Approved research

A meta-investigation of combinatorial mutation signatures in broad disease categories

Lay summary

The proposed study aims to address three research questions: * Are there genetic defect patterns common to broad categories of disease such as all cancers, all psychiatric disorders, or all musculoskeletal disorders? * Conversely, are there genetic patterns that help protect people against broad categories of disease, such as cancer or cardiovascular disease? * Are there genotypic variant signatures allowing stratification of patients that could inform the risk of developing a disorder and likelihood of drug therapy response? The proposed research would improve our understanding of the genomic basis of disease formation (or disease prevention). We hope to identify individual genetic defects or combinatorial defect clusters that are commonly associated with broad categories of disease, that is, found in significantly higher numbers of patients compared to healthy controls. Similarly, we hope to identify protective signatures that are found in many more healthy controls compared to afflicted individuals. In addition, we hope to develop new improved ways of identifying patients at risk of developing a disease or its complications, and enable patients to be treated with a drug therapy regimen that is tailored to their individual needs. Successful results would help future researchers identify means to increase human longevity and wellness by manipulating genetic mechanisms involved in broad categories of disease. Through follow-on studies, researchers may identify new drugs that work across broad categories of disease. Such drugs with broad applicability may cost less to develop, test, and bring to market, thus helping everyone afflicted with those diseases. Tailoring therapies to patients' individual needs may significantly reduce the burden on the healthcare system through reduced side effects due to drug interaction or lack of therapy response, leading to hospital admissions. The project duration is 24 months.

Scope extension:

Using the vast genotype data archive of the UK Biobank, the proposed study aims to address three research questions:

* Are there combinatorial genotypic variant signatures common to broad categories of disease such as all cancers, all psychiatric disorders, or all musculoskeletal disorders?

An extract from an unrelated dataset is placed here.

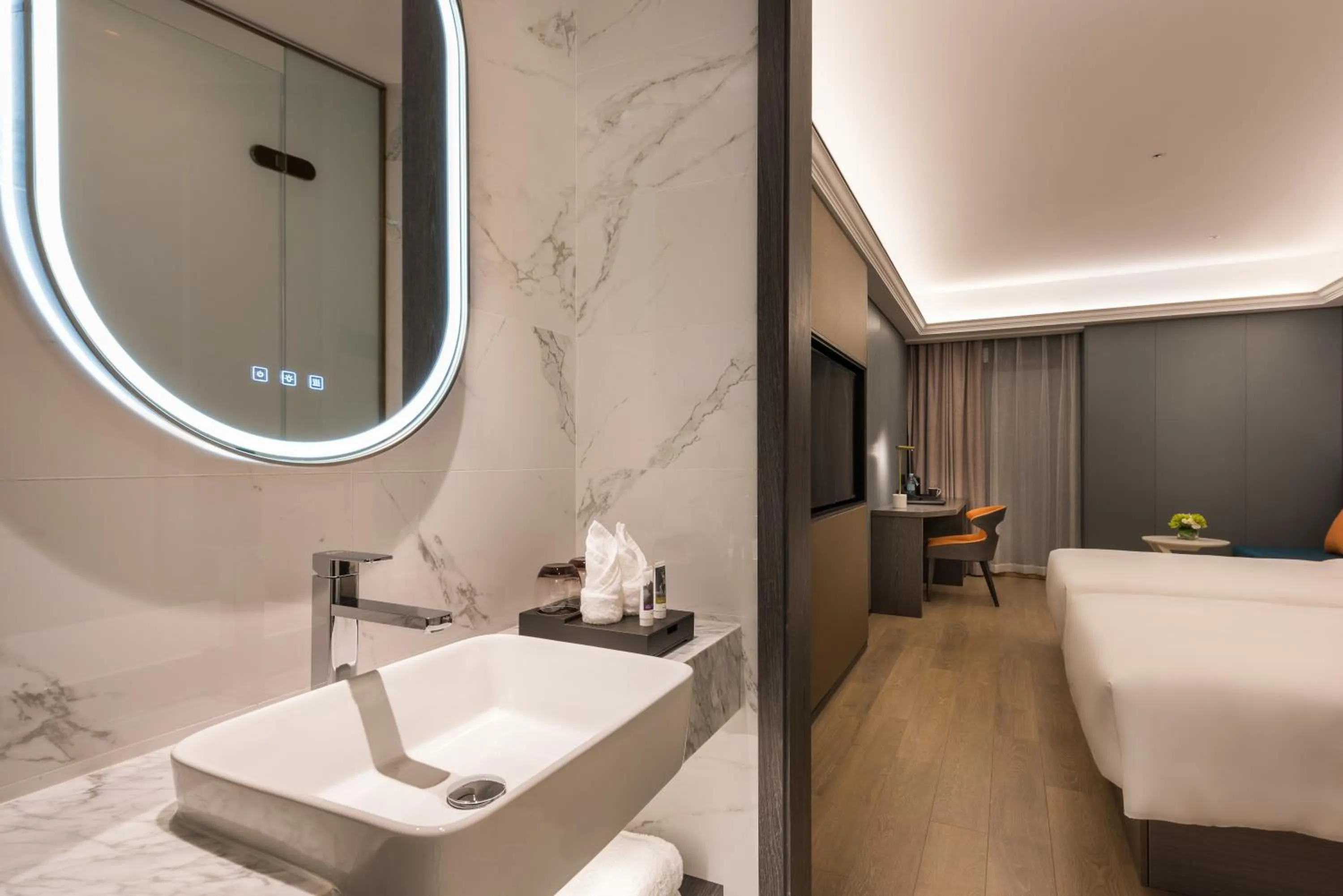 Bed in Mercure Shanghai NECC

* Conversely, are there combinatorial genotypic variant signatures associated with protection from broad categories of disease, such as cancer or cardiovascular disease?

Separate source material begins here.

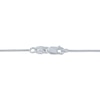 Thumbnail Image 4 of Marquise-Cut Amethyst & White Lab-Created Sapphire Dragonfly Necklace Sterling Silver 18"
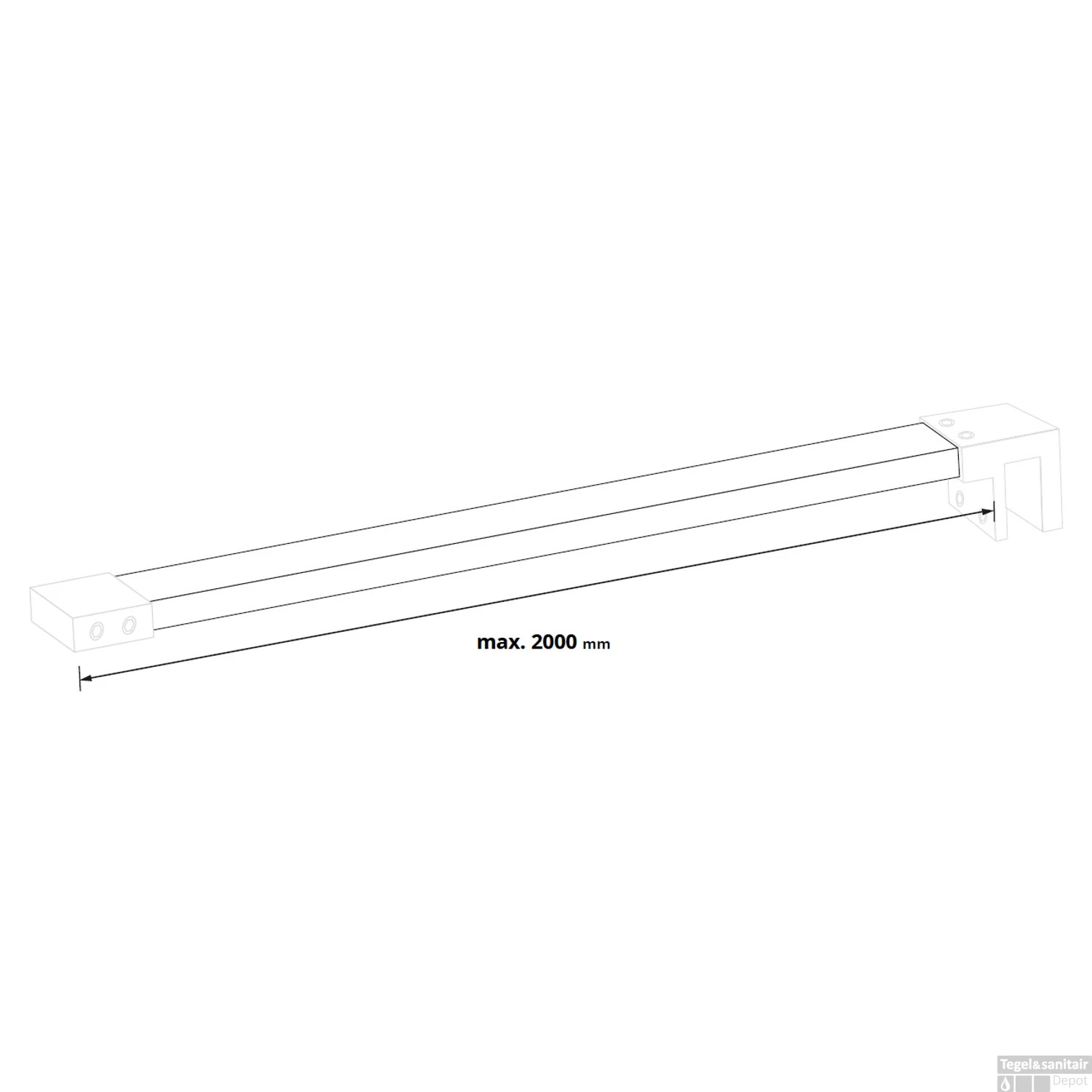Stabilisatiestang Just Creating Max 200 Cm Excl Overige Benodigheden RVS 4 Stabilisatiestang Just Creating Max 200 Cm Excl Overige Benodigheden RVS - Afbeelding 2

* Are there combinatorial genotypic variant signatures allowing stratification of patients that could inform the risk of developing a disorder or its complications when affected and likelihood of drug therapy response? 

Successful results would include

* Identification of individual variants (SNPs), multi-SNP clusters and/or multi-SNP & phenotype factor clusters that are commonly associated with broad categories of disease, that is, found in significantly higher numbers of cases compared to healthy controls

* Identification of protective multi-SNP signatures that are found in significantly larger numbers of healthy controls compared to afflicted individuals

* Identification of groups of patients most at risk of developing a disorder, with potential development of personalized combinatorial risk scores

* Stratification of patients for optimal therapy

* Identification of new drug targets for treatment or prevention of disease either through repurposing of known drugs or through design of novel drugs

New Scope

PrecisionLife would like to extend the current scope of the project to include the use of WGS/WES data in UK Biobank to supplement and/or validate the findings generated by this Project from genotype data across a wide range of chronic disease areas.

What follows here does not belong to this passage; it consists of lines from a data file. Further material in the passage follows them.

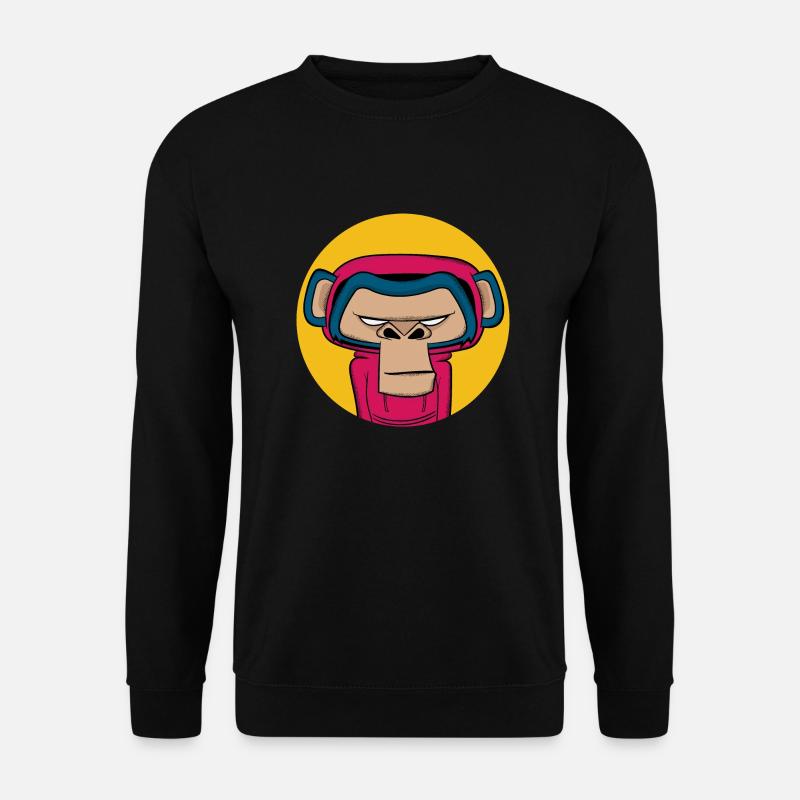 angry monkey - Unisex Sweatshirt - black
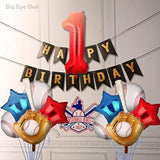 1St Birthday Party Decorations Baseball Foil Number 1 Balloons Set First Birthday Party Supplies Glove Round Baseball Bat Theme Mylar Balloon Boys Rookie Of The Year 10 Inch 15 Inch 22 Inch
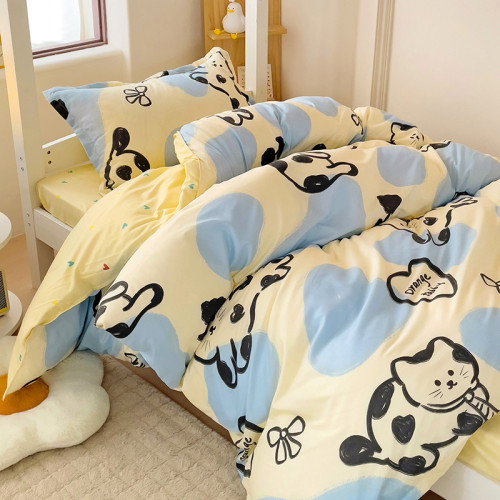 可愛學生宿捨床上用品三件套床包款90x190cm防滑床單人被罩四件套 可愛學生宿捨床上用品三件套床包款90x190cm防滑床單人被罩四件套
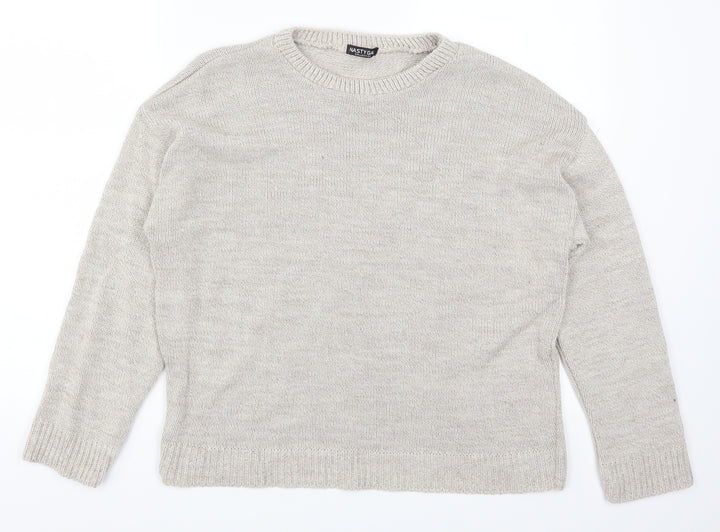 Nasty Gal Womens Beige   Pullover Jumper Size S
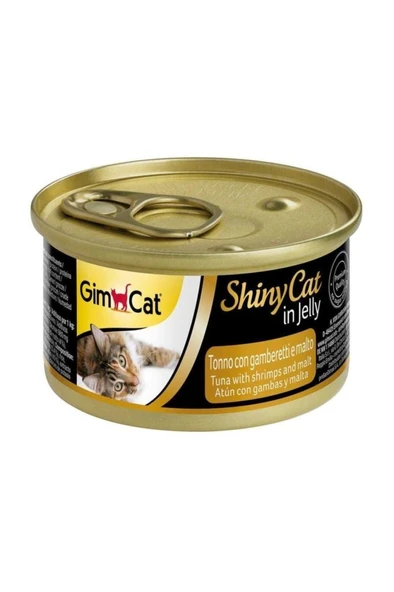 Gimcat Shinycat Tuna Karides Malt Özü Kedi Konserve 70 Gr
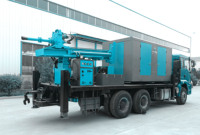Foreuse rotative d'occasion 200m 300m, alimentée au diesel, sur chenilles, diamètre de forage 600mm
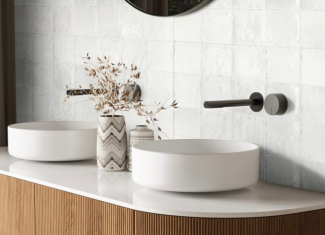 Faïence effet zellige blanc brillant – 10×10 – Fresh White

This would enable better insights into:

1. Identification of novel targets and patient stratification insights from combinatorial analysis of multi-omic features associated with disease risk/severity. Using whole genome and exome sequencing data will allow inclusion of a larger number of unbiased SNPs and genomic structural variations in the analyses.
2. In silico validation of novel targets that were previously identified from UK Biobank genotype data using whole genome and exome sequencing data. This would involve detailed analysis of the roles and relevance of rare variants and structural variations associated with the targets.
3. Development of whole-genome sequencing patient stratification biomarkers that can be used to stratify patients based on their disease risk/progression or treatment response.
4. Enablement of new combinatorial analyses avoiding imputation in rarer disease areas with insufficient patient numbers in UK Biobank where other public or proprietary disease datasets have non-overlapping genotype data with the UK Biobank array data.